事業承継と信託

 

実さん(75歳)は、輸入雑貨関連の株式会社ミノルを経営しています。

株主は実さん1人です。

事業は順調で、業績も良いようです。

奥さんは、会社経営にはまったくタッチしていませんが、長男(45歳)は実さんと会社経営に携わっています。

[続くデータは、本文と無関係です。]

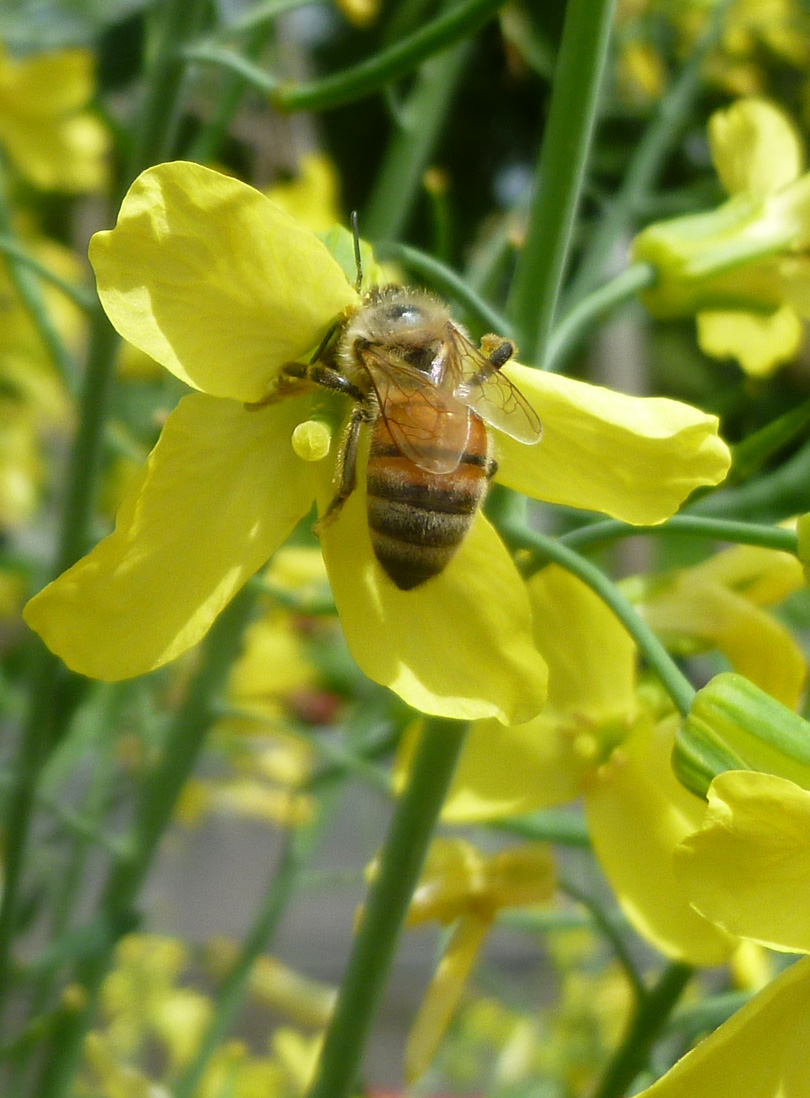 Victory Gardens for Bees Snacking on Kale Blossoms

ところが、最近物忘れが激しく、持病を持っており、体力に不安を抱えています。

 

家族は、奥さんと長男(45歳)、次男(39歳)です。

長男と次男は、ともに家庭を抱え、独立しています。

次男は普通の会社員で会社を継ぐ気はありません。

 

そろそろ、会社を長男に任せたいと思っていますが、いますぐ全部を任せるのは、頼りなく感じています。

 

実さんの悩み(希望)

・いずれ会社の経営を長男に任せたいが、今すぐに任せるのは不安だ。

・株式全部を長男が取得したら、次男は文句を言わないだろうか

 

 

実さんの財産

・株式会社ミノルの株

・預貯金

 

 

このまま何も対策をしない場合、どうなるのか見てみましょう。

・実さんが認知症になった場合、株主総会が成り立たないから、重要なことが決められない。

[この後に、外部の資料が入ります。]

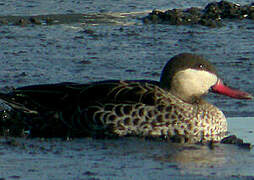 Canard à bec rouge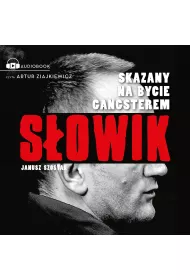 Audiobook Sowik mp3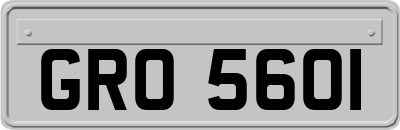 GRO5601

・実さんが亡くなった場合、株式が長男に集中しない。(奥さんと次男も株式を相続する)

・奥さんと次男も株主になると、経営権を巡って争いが生じたり、重要なことが決まらなくなる恐れがある。

 

そこで、民事信託を利用します。

委託者は、実さん、受託者は新しく設立する一般社団法人とします。

 

信託契約の内容は、

・信託目的:信託財産の適切な管理・運用によって、会社の経営の承継を円滑にすること。

・受益者は、実さん

信託財産:株式の全部

・一般社団法人の理事に実さんと長男になってもらいます。

 

 

一般社団法人と信託契約を結ぶことによって、株式会社ミノルの株主は、一般社団法人となりますが、その理事は実さんと長男が就任することで、議決権の行使は、従来通り、実さんを中心にすることができます。

株式の評価額が大きすぎず、相続税額が気にならない程度であれば、受益者を長男としてもよいでしょう。

信託を利用することによって、受益者を長男、会社経営にかかわる議決権(意思決定権)は実さんに残したまま、一般社団法人の理事同志として、実さんは長男を指導しながら、時に協力しあい、事業の承継を果たすことができます。

また、株式全部を信託することで、奥さんや次男に株式が行かないようにすることができます。

ただし、奥さんや次男が文句を言わないように、実さんは財産全部を信託するのではなく、一部は信託しないで、そのお金を遺言によって、奥さんや次男に相続させることができるのです。